Il massaggio thai avviene attraverso l’esecuzione di manipolazioni di vario tipo, che avvengono attraverso delle pressioni mirate, degli stiramenti e degli allungamenti, che sono associati a tecniche di yoga passivo. Non è un caso che questo massaggio sia noto anche come “yoga dei pigri”.

L’obiettivo di questo trattamento è il medesimo di quelli orientali, ovvero di apportare benefici sia al corpo e sia alla mente della persona che vi si sottopone, al punto che nella stessa Thailandia è considerato una medicina tradizionale.

Cos’è il massaggio thai

Il massaggio thailandese, nonostante le sue origini misteriose, sembra derivi da un mix di conoscenze di medicina ayurvedica, di medicina tradizionale cinese, di yoga e di ulteriori influenze buddhiste. In lingua thai è chiamato “nuad phaen borarn” e significa “toccare per guarire (nuad) e degno/antico di riverenza (borarn)”.
Il massaggio è eseguito per terra e sia il massaggiatore che il massaggiato indossano abiti molto confortevoli. Il trattamento dura circa due ore e mezza e in questa particolare tipologia non è permesso l’uso di oli, come avviene invece in tanti altre altre tipologie di massaggio.

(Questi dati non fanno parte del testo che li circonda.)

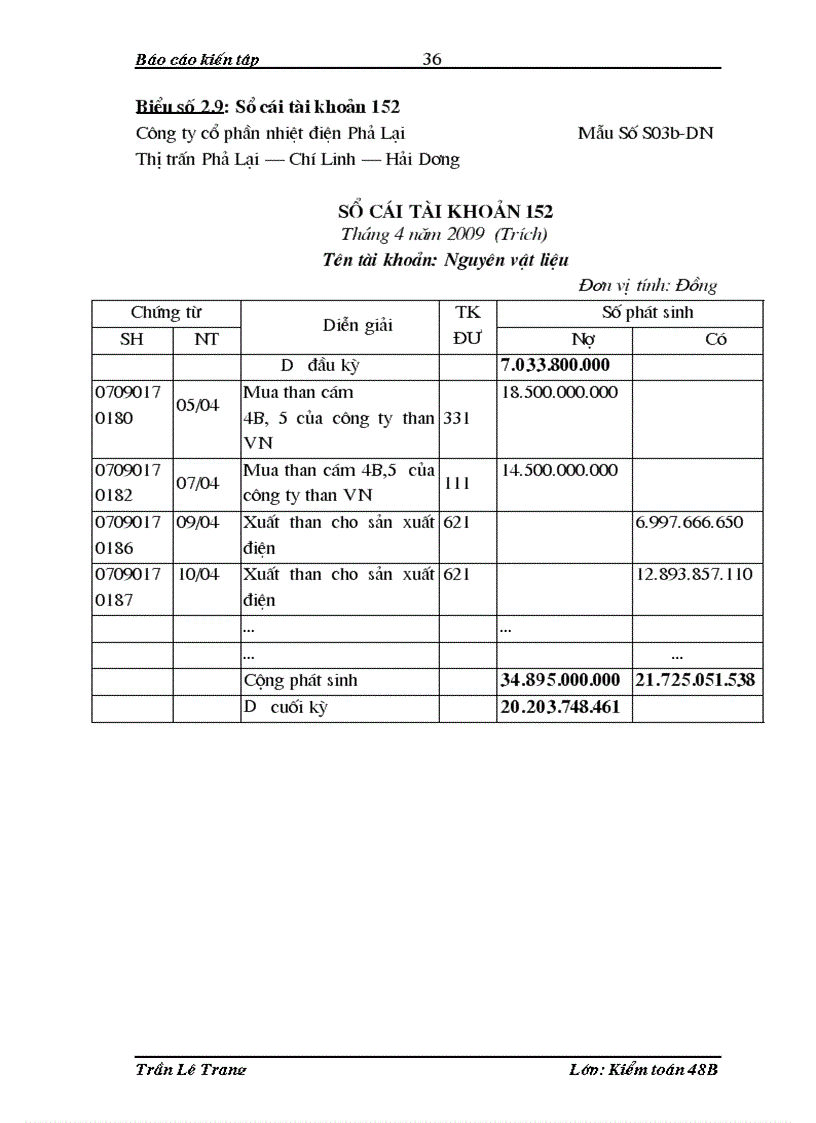 image for page Báo cáo kiến tập tại Công ty Cổ phần nhiệt điện Phả Lại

La manipolazione si basa principalmente sulla digitopressione e sulla palmopressione, oltre che a dita e a mano, sono usati ginocchia, avambracci, piedi e gomiti; a questo si aggiungono tutta una serie di stiramenti e di allungamenti, ovvero delle combinazioni di stretching derivate dallo yoga indiano.

Dopo una prima diagnosi su punti da trattare, lo specialista esegue il massaggio su un materassino posato sul pavimento. Le manovre sono eseguite in modo ritmico e seguono la respirazione del ricevente.